Safeguards needed to prevent private healthcare sector from making a profit on Covid-19 vaccines, says MCA

  • Nation
  • Tuesday, 30 Mar 2021

PETALING JAYA: Mandatory safeguards are needed to prevent the private healthcare sector from profiteering or hoarding Covid-19 vaccines, says MCA.

MCA spokesman Mike Chong said that the government should categorise the Covid-19 vaccine as a controlled item and therefore, fix a maximum ceiling price and how payment should be made.

“This is to avert private healthcare facilities from artificially hiking up the prices of the vaccine, inoculation service or equipment used.

“Scammers would likewise be forestalled from exploiting the situation to demand upfront payment which would never reach the intended private medical facility, ” he said in a statement on Tuesday (March 30).

National Covid-19 Immunisation Programme Coordinating Minister Khairy Jamaluddin had said that the government is considering permitting private healthcare outfits to buy the Covid-19 vaccines and administer them for a fee.

Chong said that while this was commendable, the safeguards were necessary.

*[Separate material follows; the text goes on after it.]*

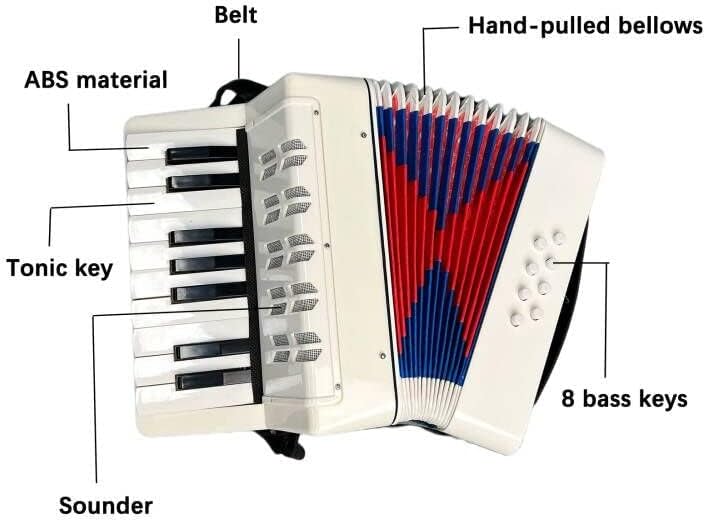 BORIYAM Accordion 17 Keys 8 Bass,for Adult Beginners，Accordion Instrument ，Instrument (White) - Image 3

Chong said as there is a worldwide shortage of vaccines currently, the safeguards can deter vaccine hoarding which otherwise would see prices driven up further.

“Hefty penalties including jail time must be imposed against the operators and board of directors of private healthcare services who could profit from the privilege granted to procure and dispense the Covid-19 vaccine, ” he said.

He also suggested that hospitals whose yearly revenue and profit exceed a certain amount, must set aside a percentage of vials procured as part of their Corporate Social Responsibility (CSR) for those in the B40 groups registered with the Social Welfare Department at a greatly discounted price or even for free.

“Alternatively, private medical centres in particular could operate a mobile clinic to administer the jabs at locations where there is a high population of B40 residents residing at People’s Housing Projects (PPR), ” said Chong.

He also said that there must be also an integrated and systematic database of vaccines dispensed to a recipient detailing the brand name, time, location the immunisation jab was delivered.

Other essential information to be stored in the integrated database would be the name and address of the private healthcare provider, as well as the name of the medical personnel who delivered the injection.

“Such a move could discourage the possibility of would-be “kiasu” recipients registering and receiving more than the required two doses from different healthcare outfits.

“Upon completion of the second dosage, the issuance of a digital immunisation certificate by the private healthcare facility must likewise be stored in the common database, ” he said.

As of Monday (March 29), about 7.3mil people have registered for the Covid-19 vaccination.